» REQUIRED WORK
Please return only the lines from the one with "Lot 6 coupes" through the final line of the data, unchanged, with pictures omitted.

» ENTRIES PROVIDED
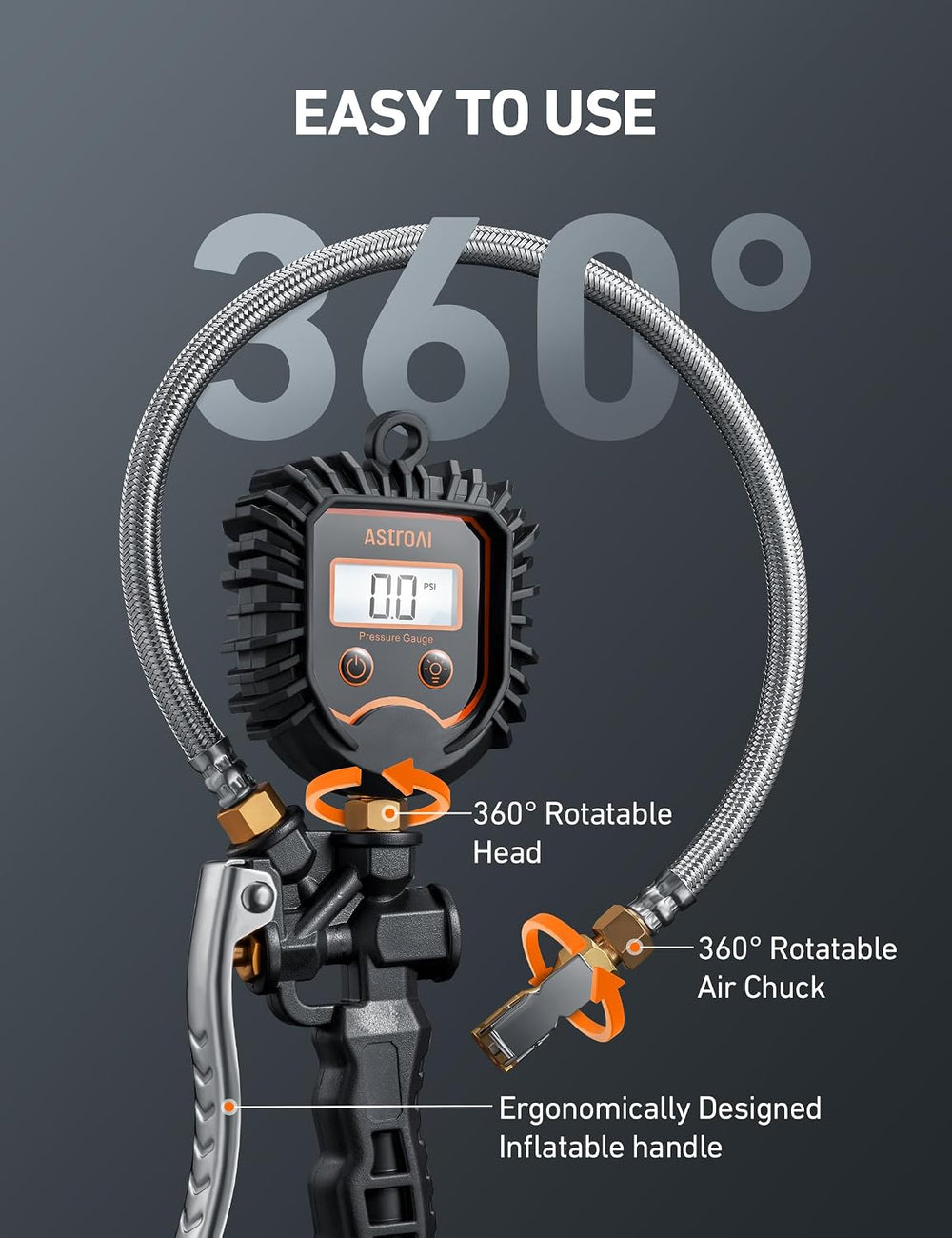 AstroAI Digital Tire Pressure Gauge, Heavy Duty Tire Inflator Gauge 250PSI Ai...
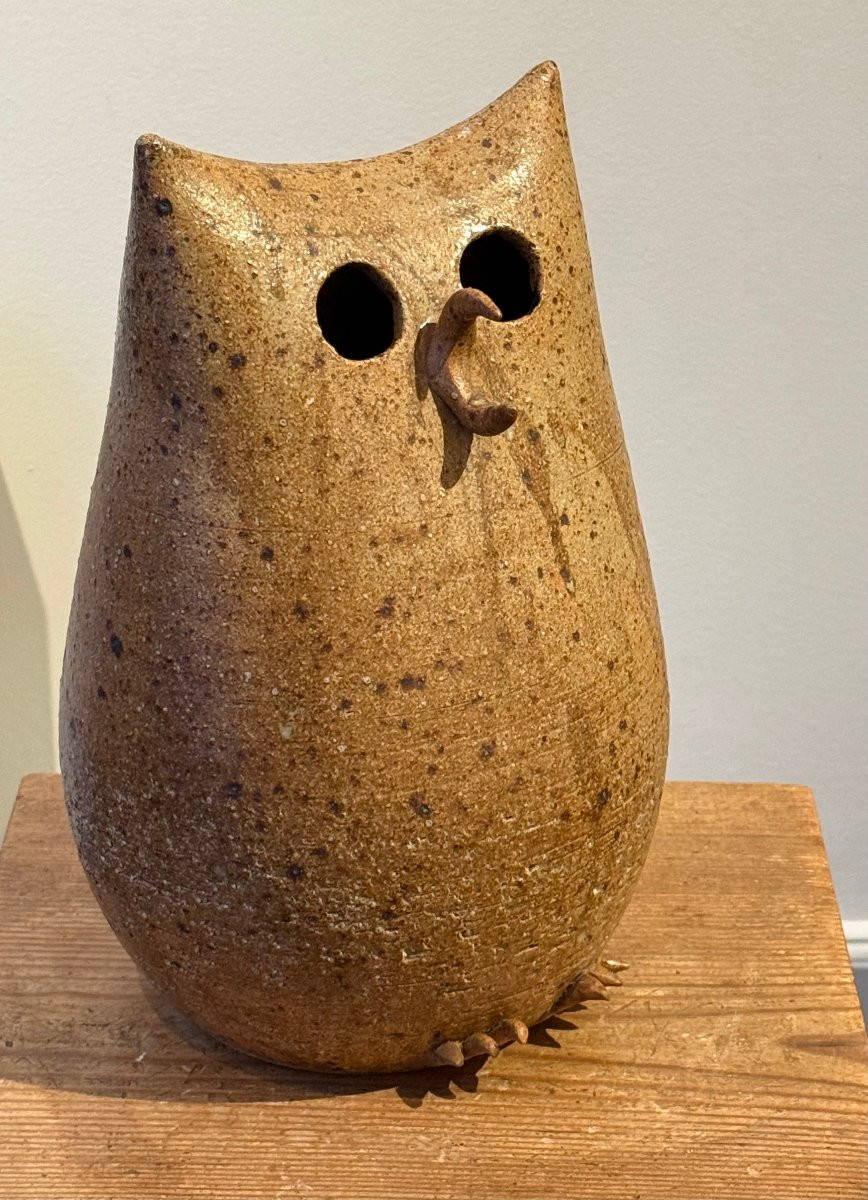 Owl Lamp In Stoneware By Alain Blanchard Circa 1970-photo-2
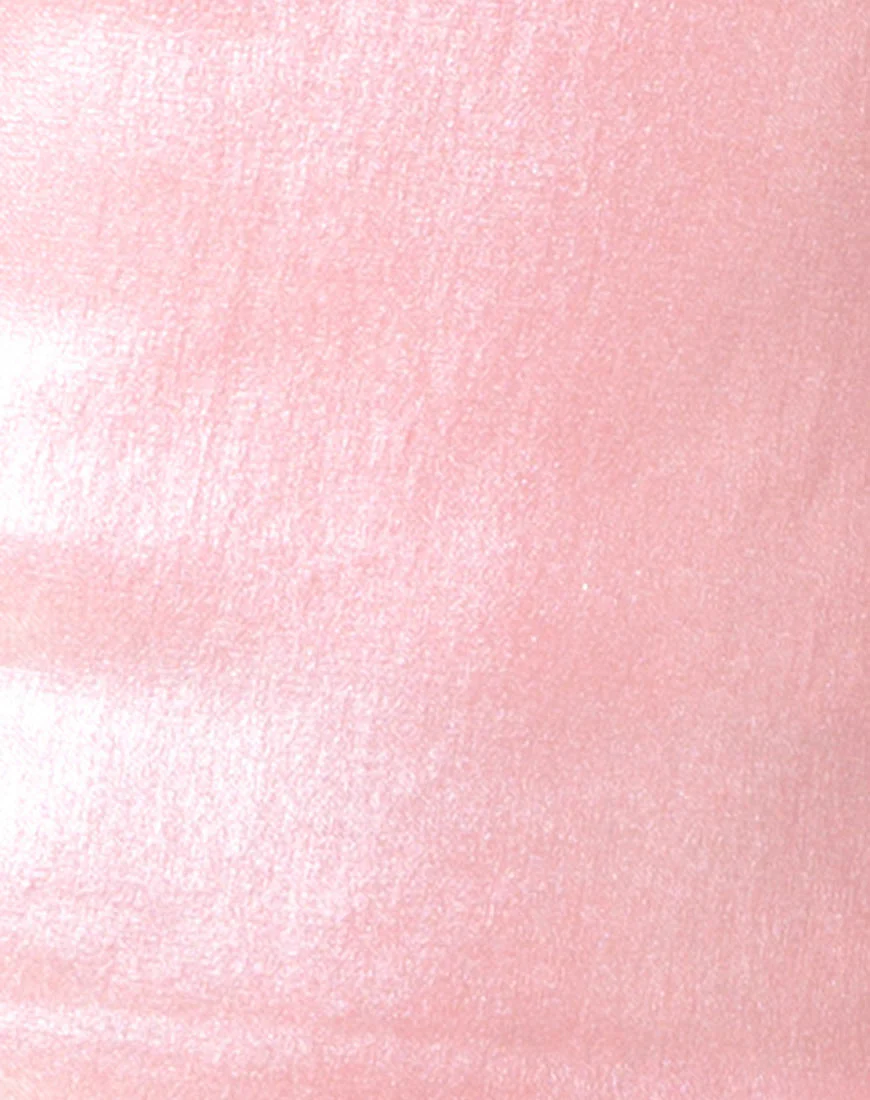 Egile Bodycon Dress in Metallic Shimmer Baby Pink - Image 5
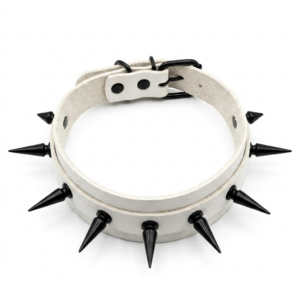 sp154 choker blanco con spikes negros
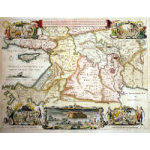 M-12321 - Map of the Holy Land c. 1686 with 5 large vignettes Preview
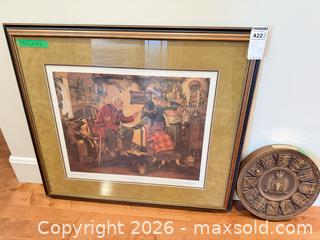 MaxSold Auction: Framed Lithograph / Offset Print in Stained Wood Frame, 35.5" x 31" - Saanich (British Columbia, Canada) PARTNER MANAGED Moving Online Auction - Limerick Lane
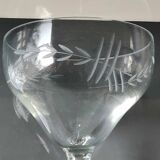 Lot 6 coupes à champagne art décor, années 20. ciselées motifs épis de blé/traits transversaux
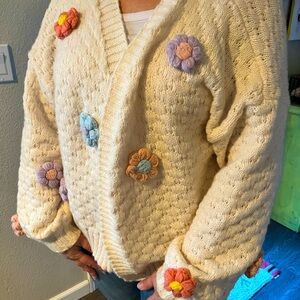 Most adorable Embossed floral cardigan sweater, size L/like new, from Lulus!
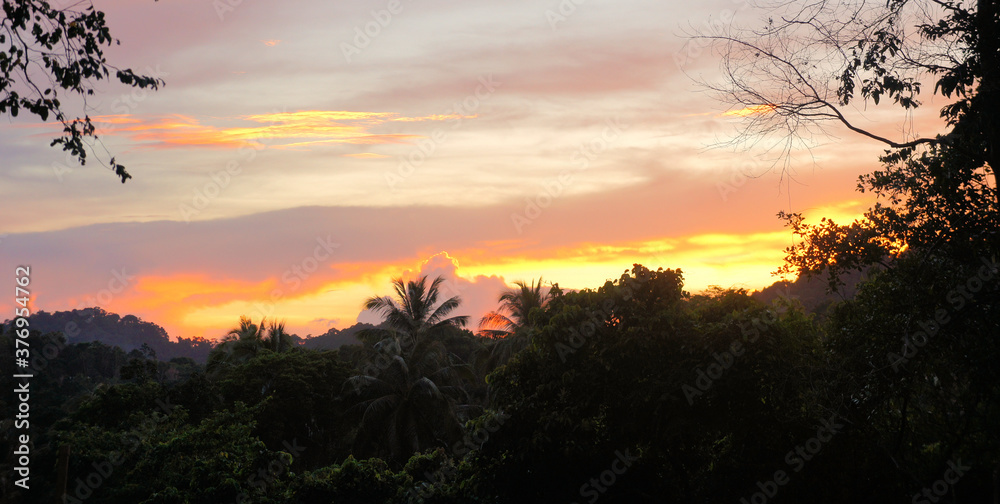 Evening sunset on the island of Palawan. Pacific Ocean. Philippines. Evening sunset on the island of Palawan. Pacific Ocean. Philippines.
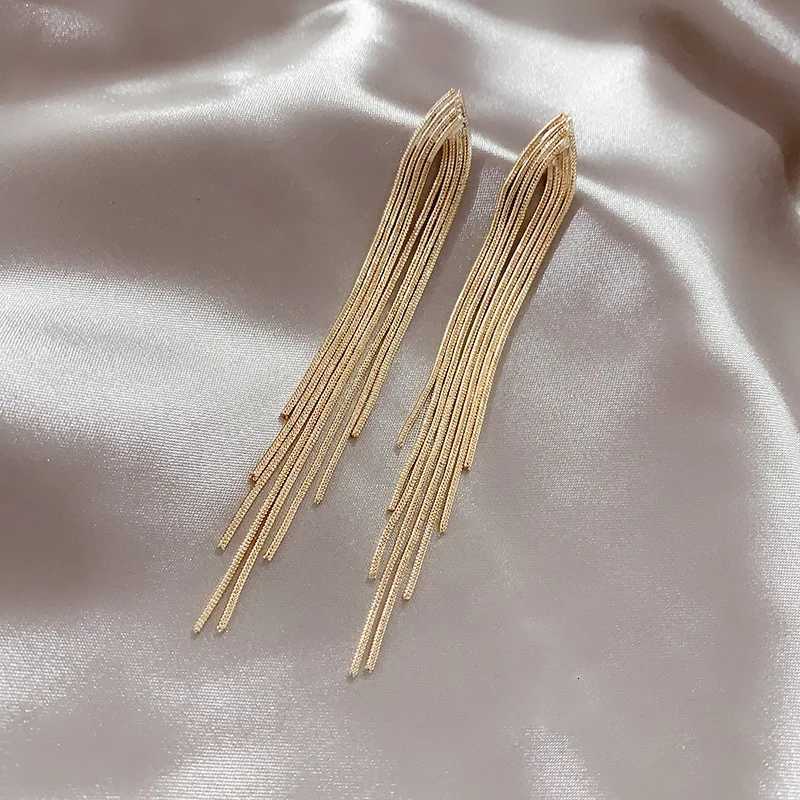Vintage Gold Color Bar Long Thread Tassel Drop Earrings for Women Glossy Geometric Korean Earrings New Fashion Wedding Jewelry XJ250722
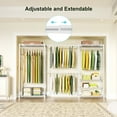 thumbnail image 4 of Ulif E1 Max Heavy Duty Closet Garment Rack, Adjustable Metal Freestanding Expandable Clothing Storage with 4 Hanger Rods, Easy to Assemble Wardrobe, White, 4 of 8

» PROBLEM SOLUTION
 Lot 6 coupes à champagne art décor, années 20. ciselées motifs épis de blé/traits transversaux
 Most adorable Embossed floral cardigan sweater, size L/like new, from Lulus!
 Evening sunset on the island of Palawan. Pacific Ocean. Philippines. Evening sunset on the island of Palawan. Pacific Ocean. Philippines.
Vintage Gold Color Bar Long Thread Tassel Drop Earrings for Women Glossy Geometric Korean Earrings New Fashion Wedding Jewelry XJ250722
 thumbnail image 4 of Ulif E1 Max Heavy Duty Closet Garment Rack, Adjustable Metal Freestanding Expandable Clothing Storage with 4 Hanger Rods, Easy to Assemble Wardrobe, White, 4 of 8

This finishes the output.